- **THE TASK**
Could you restate every entry word for word, leaving the pictures out?

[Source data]
*** Block opens ***
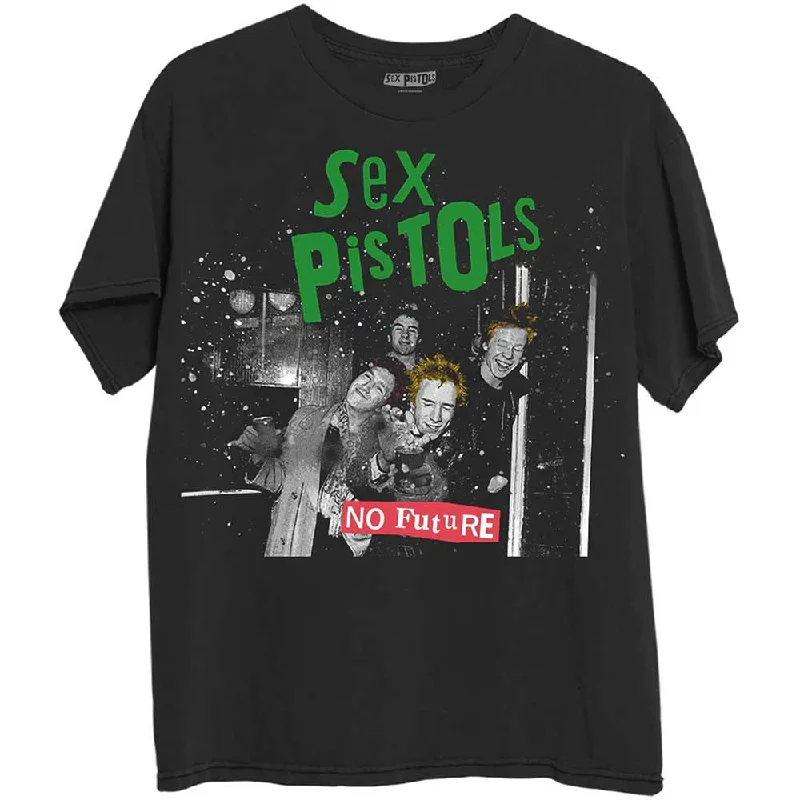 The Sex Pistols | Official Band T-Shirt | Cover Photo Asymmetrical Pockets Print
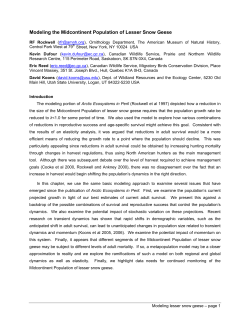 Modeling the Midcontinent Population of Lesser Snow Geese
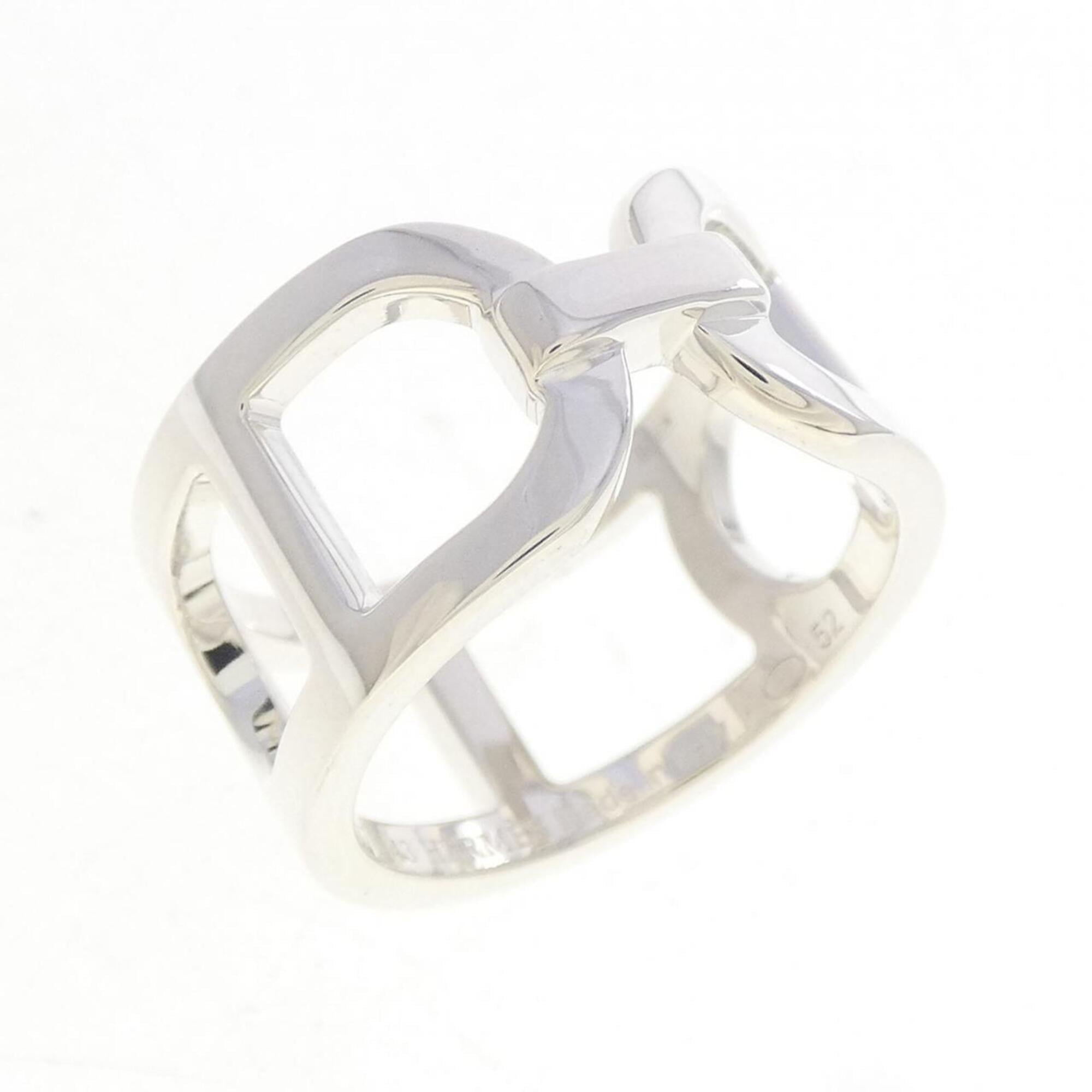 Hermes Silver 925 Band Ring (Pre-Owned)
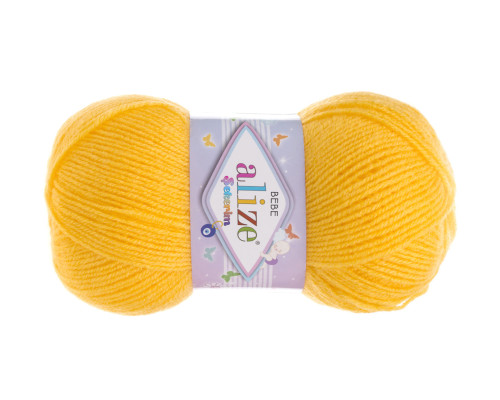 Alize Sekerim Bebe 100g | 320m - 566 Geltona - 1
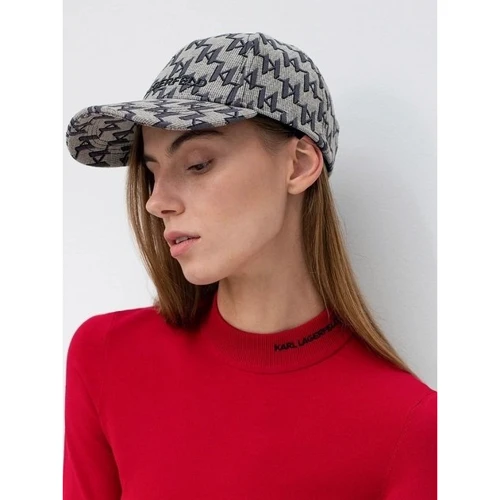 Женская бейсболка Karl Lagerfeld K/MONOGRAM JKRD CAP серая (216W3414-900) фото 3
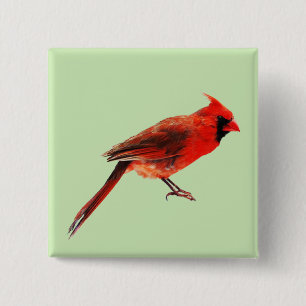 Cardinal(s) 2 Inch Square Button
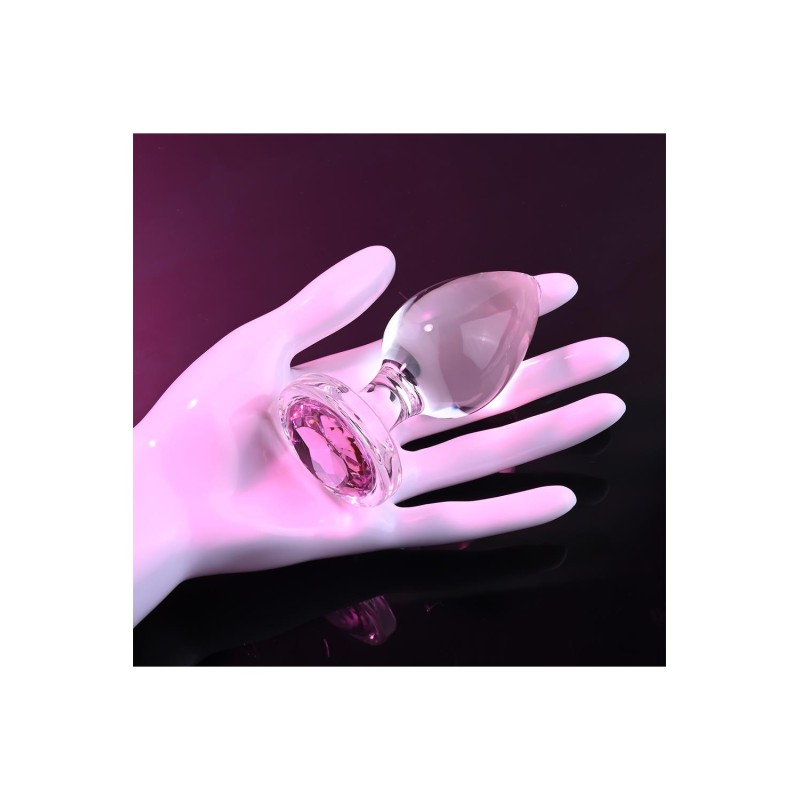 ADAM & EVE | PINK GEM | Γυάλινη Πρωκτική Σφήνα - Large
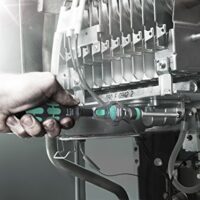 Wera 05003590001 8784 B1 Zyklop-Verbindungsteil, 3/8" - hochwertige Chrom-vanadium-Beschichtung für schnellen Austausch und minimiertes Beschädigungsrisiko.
*** Block closes ***
- **EXERCISE OUTPUT**
 The Sex Pistols | Official Band T-Shirt | Cover Photo Asymmetrical Pockets Print
 Modeling the Midcontinent Population of Lesser Snow Geese
 Hermes Silver 925 Band Ring (Pre-Owned)
 Alize Sekerim Bebe 100g | 320m - 566 Geltona - 1
 Женская бейсболка Karl Lagerfeld K/MONOGRAM JKRD CAP серая (216W3414-900) фото 3
 Cardinal(s) 2 Inch Square Button
 ADAM & EVE | PINK GEM | Γυάλινη Πρωκτική Σφήνα - Large
 Wera 05003590001 8784 B1 Zyklop-Verbindungsteil, 3/8" - hochwertige Chrom-vanadium-Beschichtung für schnellen Austausch und minimiertes Beschädigungsrisiko.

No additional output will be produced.